I am currently working on developing the following talks:
- What Did They Do? – English Occupation Sources – A look at records and where to find them covering a range of popular and less popular occupations. From miners to coastguards, engineers to lawyers, stockbrokers to bakers, useful sources of information on your ancestors’ time spent earning their livings. This talk expands on the talk presented above covering SoG sources to include a larger range of sources.
- Where there is a Will there is a Way – Finding English Probate Records on FamilySearch – A look at how to use the FamilySearch Wiki, catalog, and images/films in conjunction with other index tools to find probate records – pre and post 1858. This talk assumes the audience have knowledge on how English Probate works.
- Breaking Down Brickwalls – Hints and tips for how to break down brickwalls. Different techniques and methods for approaching brickwalls. Tricks for finding those badly transcribed records (or where the records are wrong in the first place). Where else to look for clues to British brickwalls when you fail to find them in the obvious places.
- What Can DNA Do for Me – So you’ve seen the adverts and you may have even taken a test but what does it all mean? What is DNA? What can it tell you? What are all these funny words they use? This talk goes back to basics to take you through what you need to know about taking a DNA test, understanding the results and how to use it to aid your family history research. It will cover all three types of DNA tests but will focus on the main test that looks at your closer relatives across all lines of your family tree. Examples will show you what the results will look like from the key testing companies and how to access the full range of information available from your test. If DNA scares you, this is the course to learn more! This is suitable for many levels of family history experience but newcomers to DNA.
Have you taken a DNA test but now do not know how to interpret the results? Do you have a specific research problem and you want to find out how to use DNA to help progress it? I have been using DNA to support my genealogy research for the past few years and have used all three types of tests (autosomal, Y-DNA and mtDNA). I have experience looking at results from all the major testing companies. If you need help with DNA, let me know so we can arrange a consultation session (contact details on About).

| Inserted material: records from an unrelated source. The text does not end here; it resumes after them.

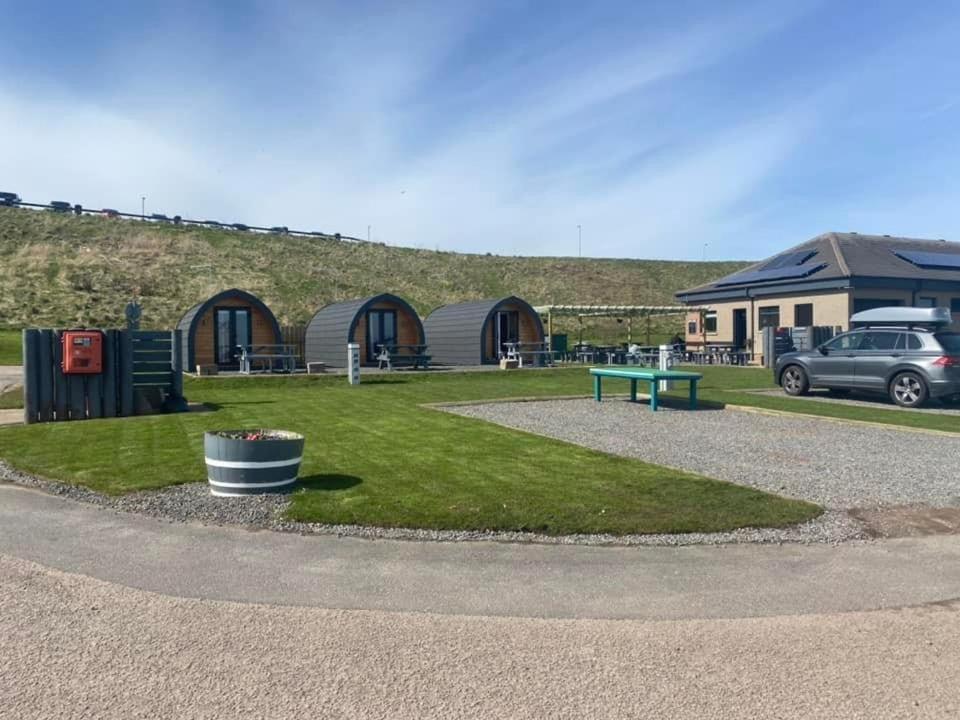 Marina Bay Pods Hotel Aberdeen Eksteriør billede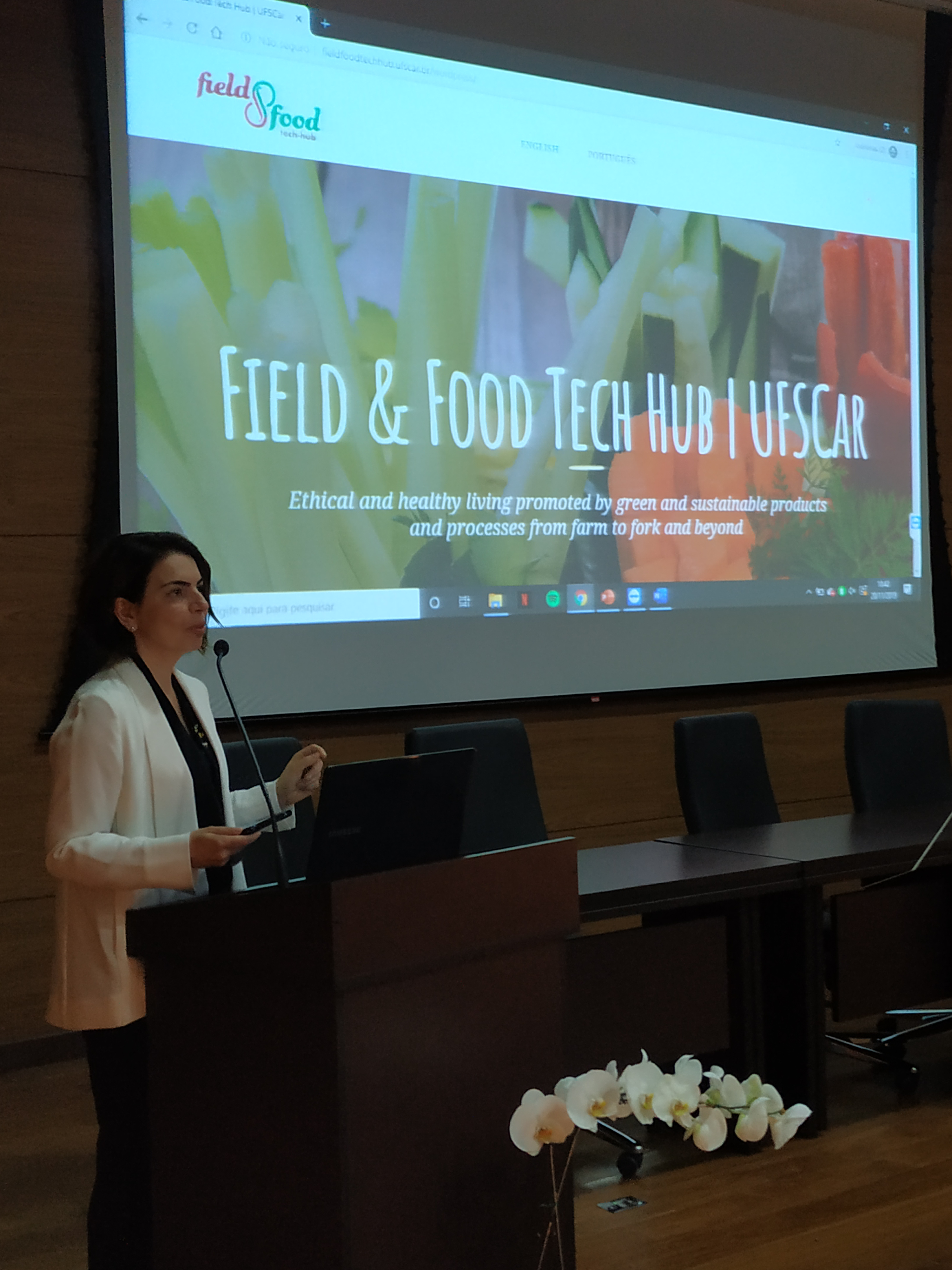 Prof. Dr. Vânia Zuin presents the new Field & Food Tech Hub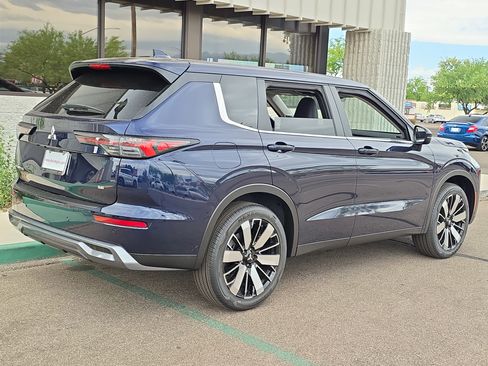 New 2026 Mitsubishi Outlander SE FWD image 7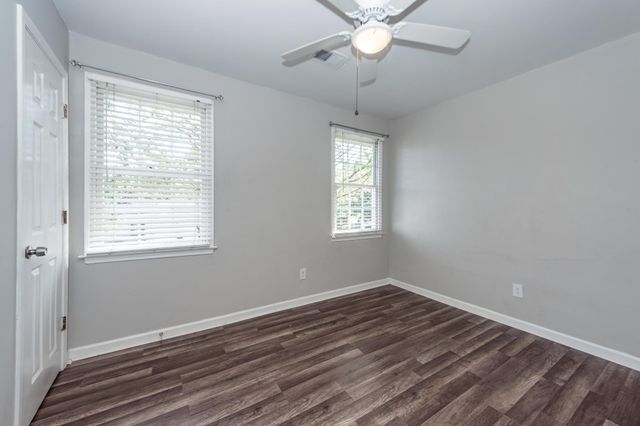 176 Ponderosa Drive, Ladson, SC 29456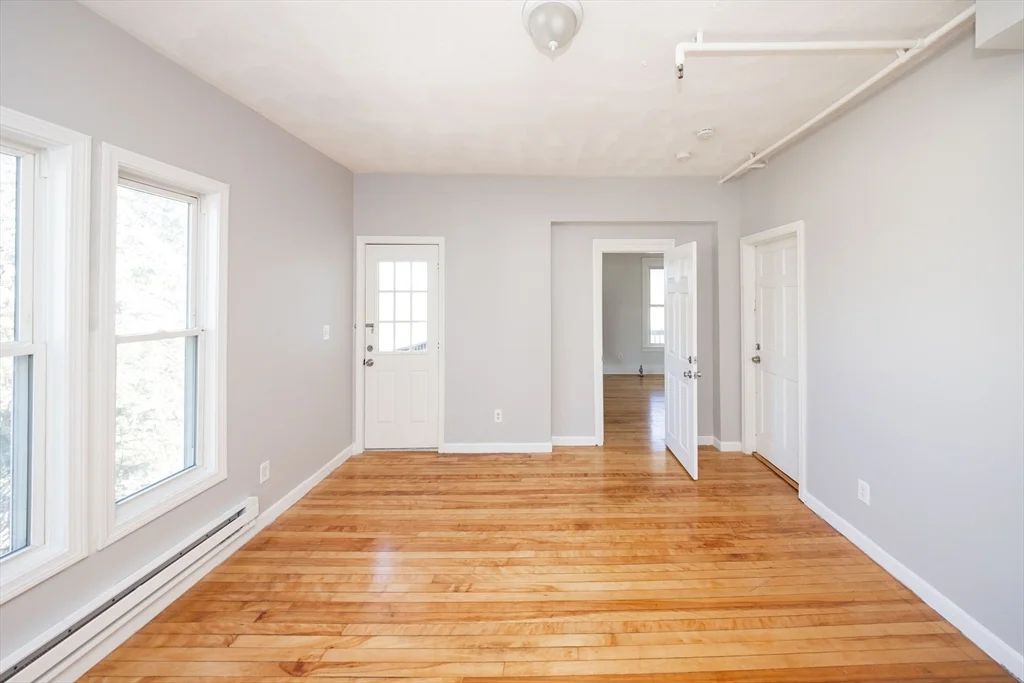 4 bed, 1 bath apartment for rent at 92 Green Hill Pkwa Unit 2, Worcester — photo 5 of 17
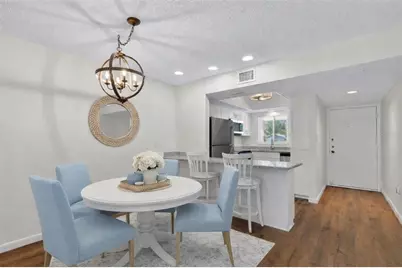 2522 Clubhouse Drive #204, Sarasota, FL 34232 - Photo 9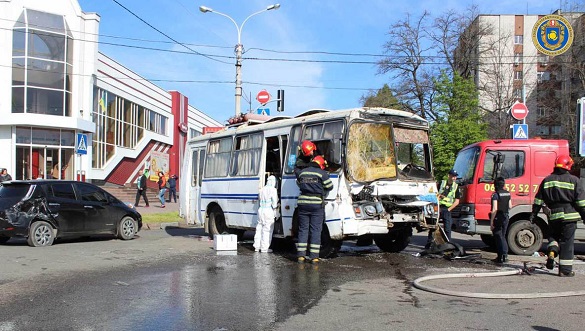 У Черкасах сталася потрійна аварія: водія автобуса затисло кермом (ФОТО)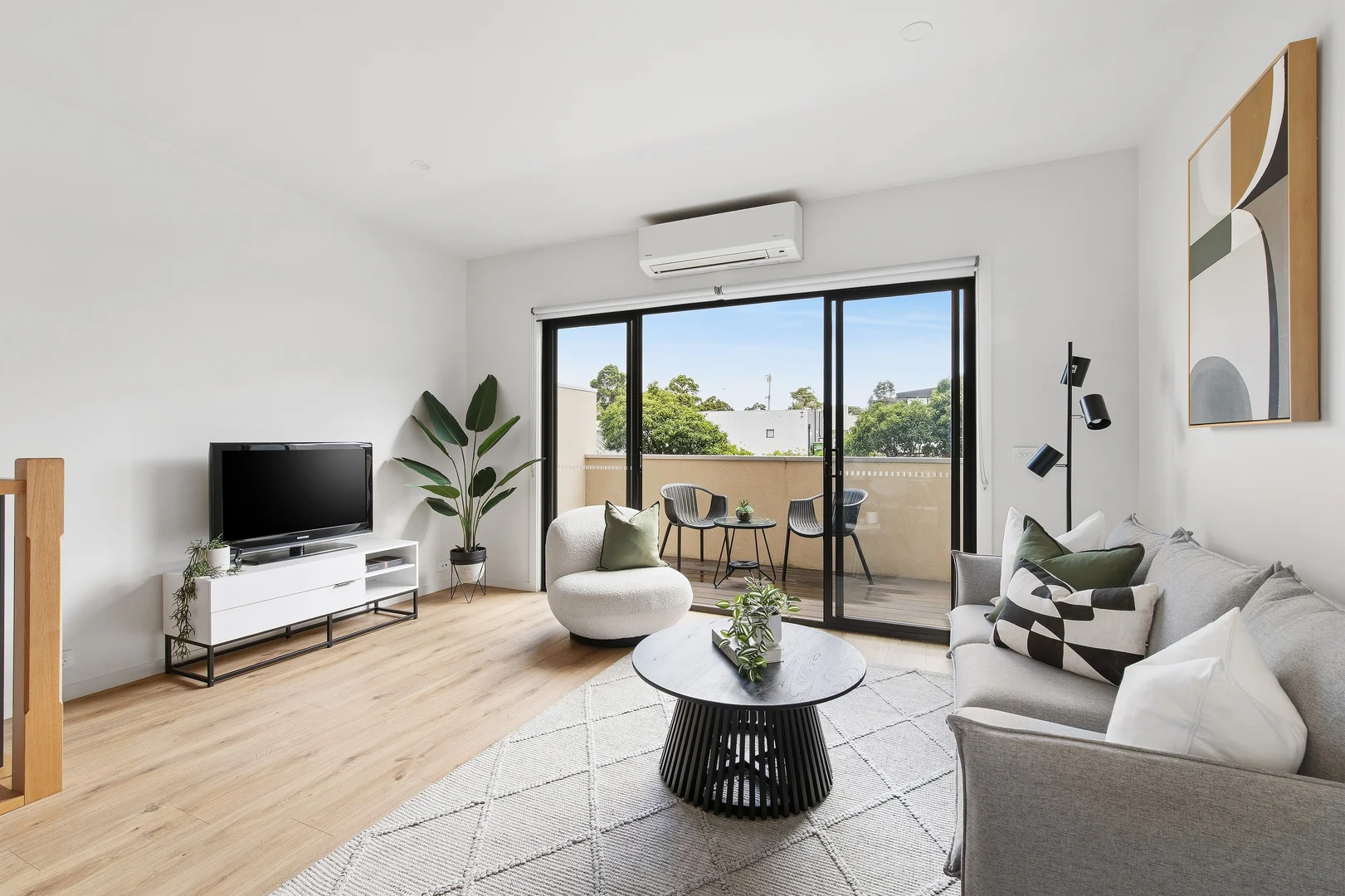4/18 Aberdeen Road, Macleod VIC 3085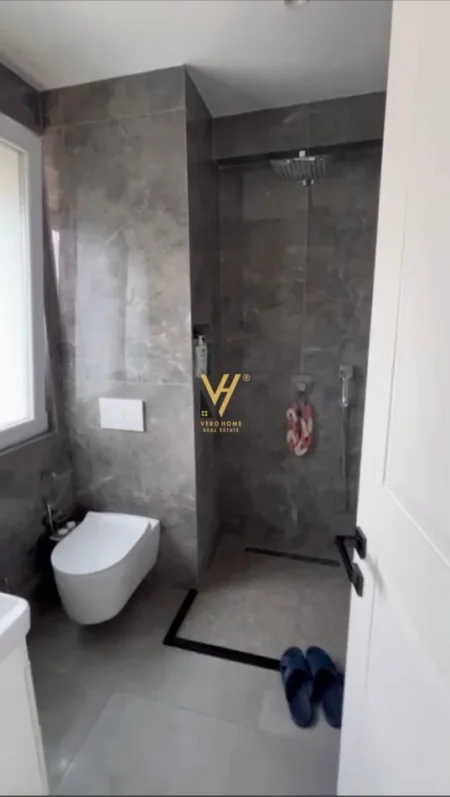 Tirane, shitet apartament 3+1+Ballkon Kati 10, 121 m² 183.000 € (KTHESA E KAMZES)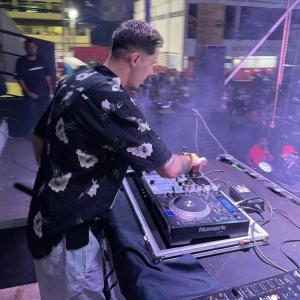 Listen to Se Você for Embora Eu Vou Fica Sem Rumo (Explicit) song with lyrics from DJ Weriky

My main career has been in nuclear safety engineering which has included the need to always verify any work that has been done. There is always a benefit of a second pair of eyes looking at work to provide a level of assurance that the research is as accurate as possible.
If you have already conducted research and you want an independent verification of the work or a specific aspect of the work, I am happy to provide this service. I am also willing to do proof reading of reports or articles. My need to pay attention to detail as part of my engineering job (you cannot afford to get nuclear safety wrong!) stands me in good stead for performing this type of work.